John Choi, AT&T Labs - Research (USA)
Don Hindle, AT&T Labs - Research (USA)
Julia Hirschberg, AT&T Labs - Research (USA)
Ivan Magrin-Chagnolleau, AT&T Labs - Research (USA)
Christine H. Nakatani, AT&T Labs - Research (USA)
Fernando Pereira, AT&T Labs - Research (USA)
Amit Singhal, AT&T Labs - Research (USA)
Steve Whittaker, AT&T Labs - Research (USA)

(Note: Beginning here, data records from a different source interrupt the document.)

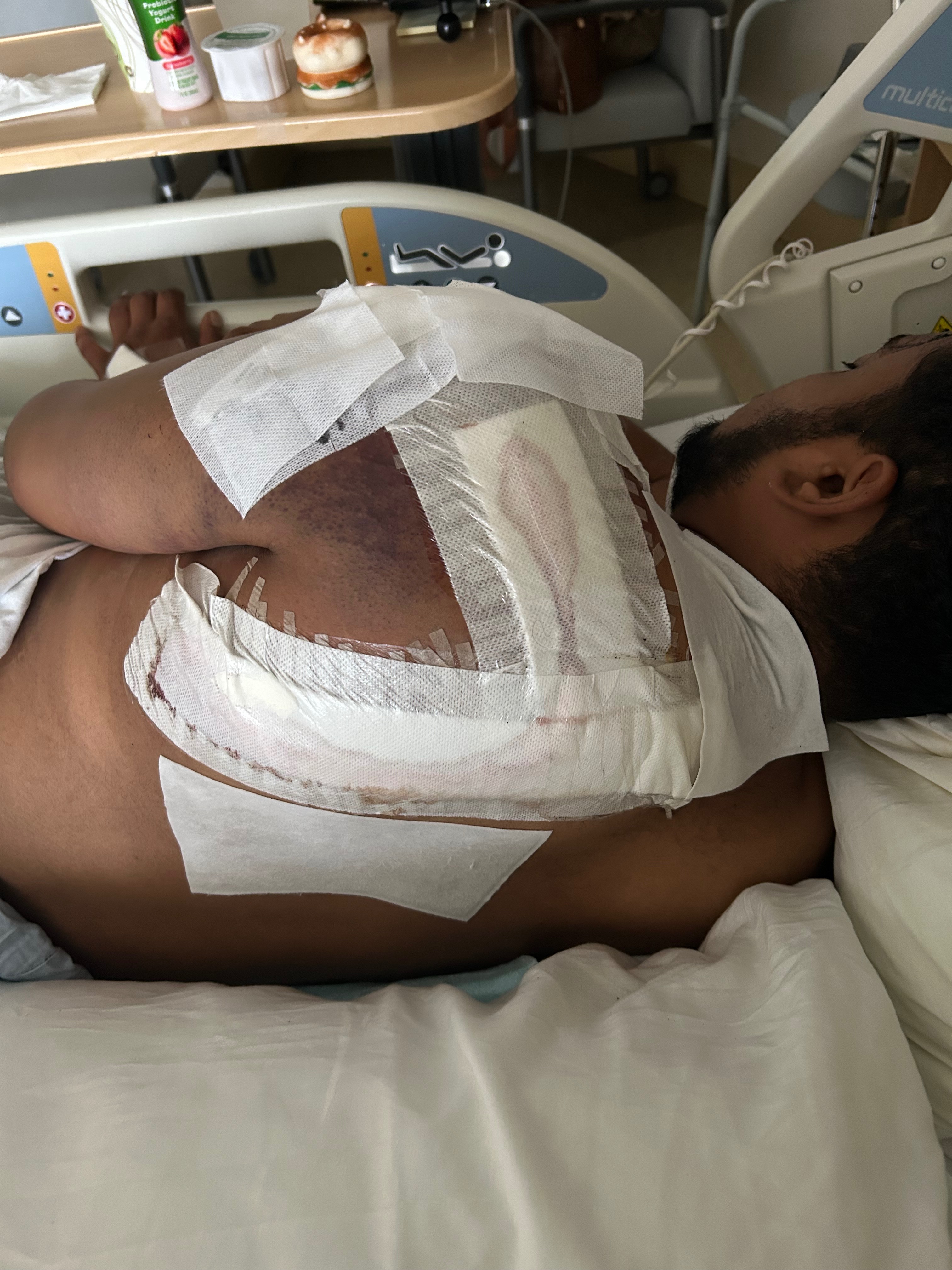 Help Overcome Injuries from Severe Accident campaign photo, 5 of 8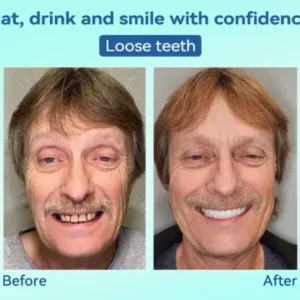 Premium Denture AdaptableFit Functional Dentures - Image 10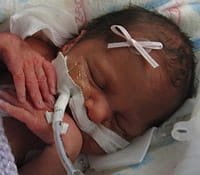 Kristina needed a tumor removed before she was born.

SCAN (Speech Content based Audio Navigator) is a spoken document retrieval system integrating speaker-independent, large-vocabulary speech recognition with information-retrieval to support query-based retrieval of information from speech archives. Initial development focused on the application of SCAN to the broadcast news domain. This paper provides an overview of this system, including a description of its graphical user interface which incorporates machine-generated speech transcripts to provide local contextual navigation and random access for browsing large speech databases.

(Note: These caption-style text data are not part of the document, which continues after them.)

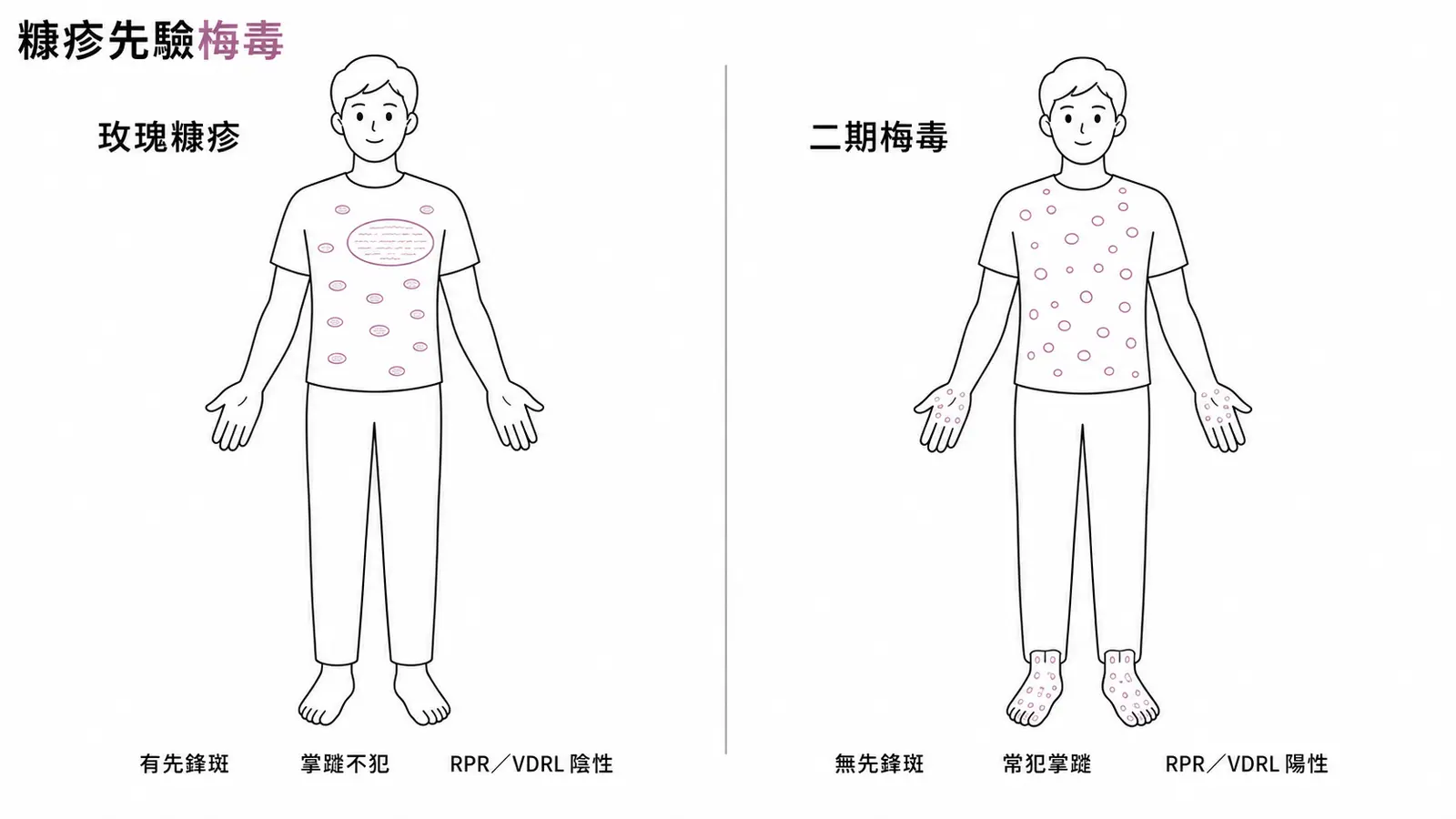 玫瑰糠疹與二期梅毒的鑑別對照:玫瑰糠疹有先鋒斑、通常不犯手掌腳掌、RPR/VDRL 陰性;二期梅毒無先鋒斑、常犯掌蹠、RPR/VDRL 陽性,是必須排除的鑑別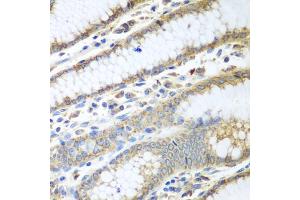 Immunohistochemistry of paraffin-embedded human stomach using PDIA3 antibody (ABIN5970443) at dilution of 1/100 (40x lens). (PDIA3 Antikörper)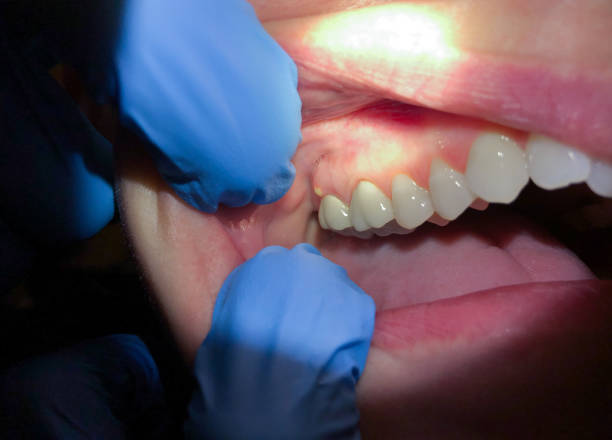 Best Emergency Broken Tooth Repair in Somerset, OH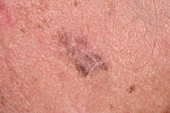 Lentigo maligna melanoma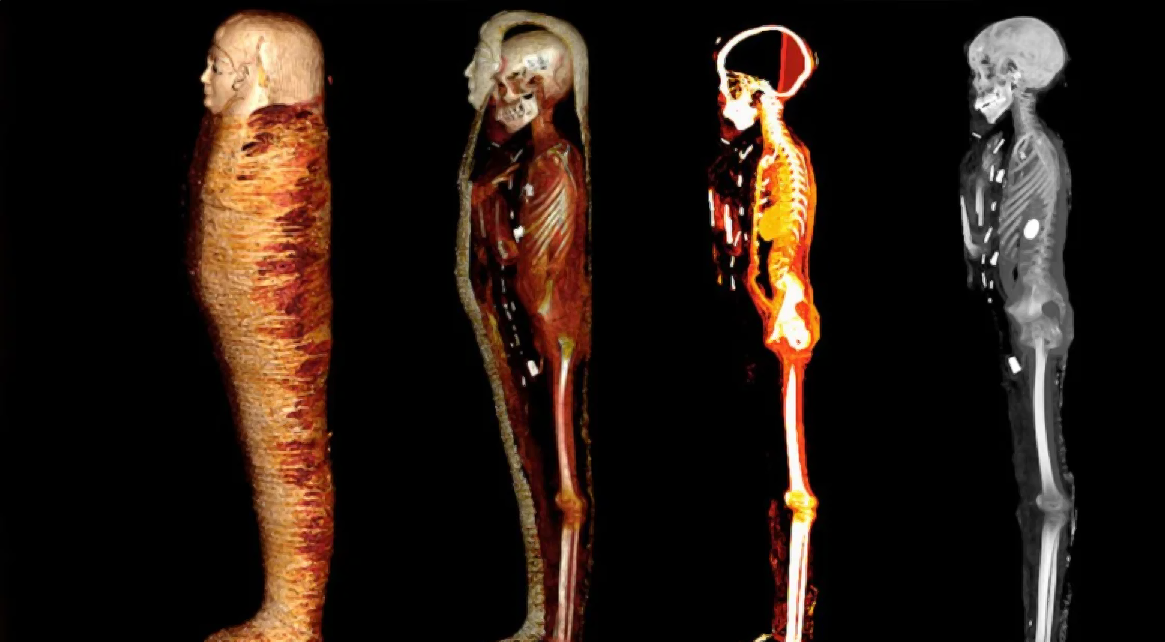 Мумия «Золотого мальчика» распакована в цифровом виде через 2300 лет, раскрыты секреты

Javier Ferreiros, GTH-IEL-UPM (Spain)
José Colás, GTH-IEL-UPM (Spain)
Javier Macías-Guarasa, GTH-IEL-UPM (Spain)
Alejandro Ruiz, GTH-IEL-UPM (Spain)
José Manuel Pardo, GTH-IEL-UPM (Spain)
In this paper we present a speech understanding system that accepts continuous speech sentences as input to command a HIFI set. The string of words obtained from the recogniser is sent to the understanding system that tries to fill in a set of frames specifying the triplet (SUBSYSTEM, PARAMETER, VALUE). All circumstances (understanding incompleteness, HIFI set status, result of the command execution) are confirmed back to the user via a text to speech system with substitutable-concept pattern-based generated messages. The understanding engine is based on semantic-like tagging, including "garbage" tag, and context-dependent rules for meaning extraction. The system allows the application developer to follow the reasoning process (as every understanding rule has an associated concept pattern), spoken by the speech generation module. The concepts for speech generation are randomly substituted with alternative expressions having the same meaning to achieve a certain degree of naturalness in the response speech.

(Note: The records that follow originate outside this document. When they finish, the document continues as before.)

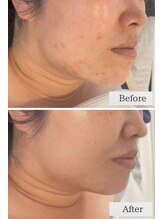 トゥモロー(TOMORROW)/ハーブピーリング/肌質改善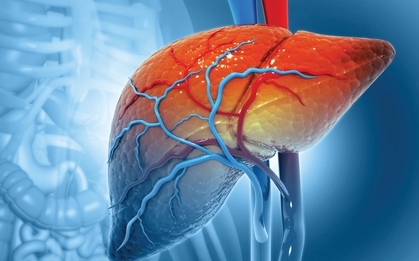 Ung thư gan tại Việt Nam gia tăng báo động: Kiểm soát được 3 thứ này, giảm được 2/3 số ca mắc
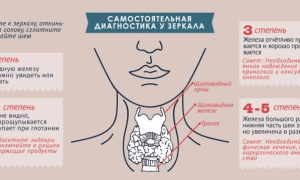 Диета при гипотиреозе — коррекция работы щитовидной железы без медикаментов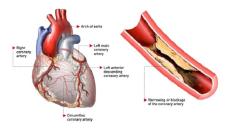 Bệnh co thắt động mạch vành và những điều cần biết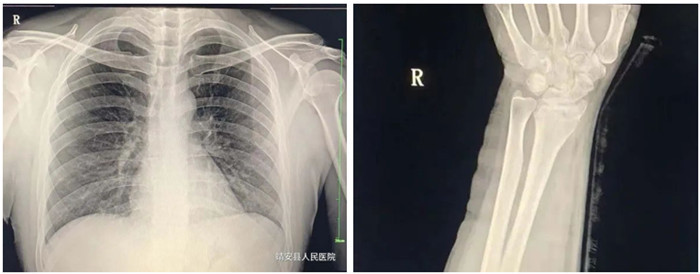 動(dòng)態(tài)DR影像 動(dòng)態(tài)DR影像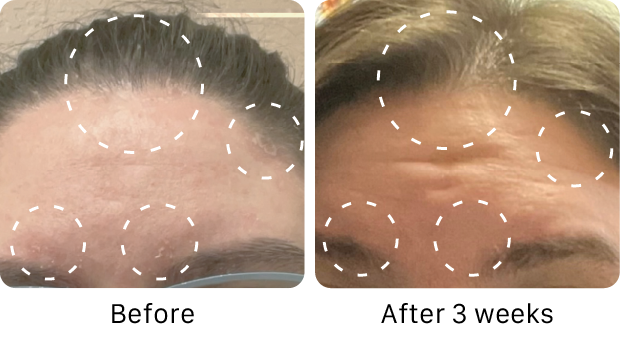 ACTIIV Remedy Scalp Treatment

Lori F. Lamel, LIMSI/CNRS (France)
Samir Bennacef, LIMSI/CNRS (France)
Jean-Luc Gauvain, LIMSI/CNRS (France)
Herve Dartigues, SNCF (France)
Jean-Noel Temem, SNCF (France)
In this paper we report on a series of user trials carried out to assess the performance and usability of the MASK prototype kiosk. The aim of the ESPRIT Multimodal Multimedia Service Kiosk (MASK) project was to pave the way for more advanced public service applications with user interfaces employing multimodal, multi-media input and output. The prototype kiosk, was developed after analysis of the technological requirements in the context of users and the tasks they perform in carrying out travel enquiries, in close collaboration with the French Railways (SNCF) and the Ergonomics group at UCL. The time to complete the transaction with the MASK kiosk is reduced by about 30% compared to that required for the standard kiosk, and the success rate is 85% for novices and 94% once familiar with the system. In addition to meeting or exceeding the performance goals set at the project onset in terms of success rate, transaction time, and user satisfaction, the MASK kiosk was judged to be user-friendly and simple to use.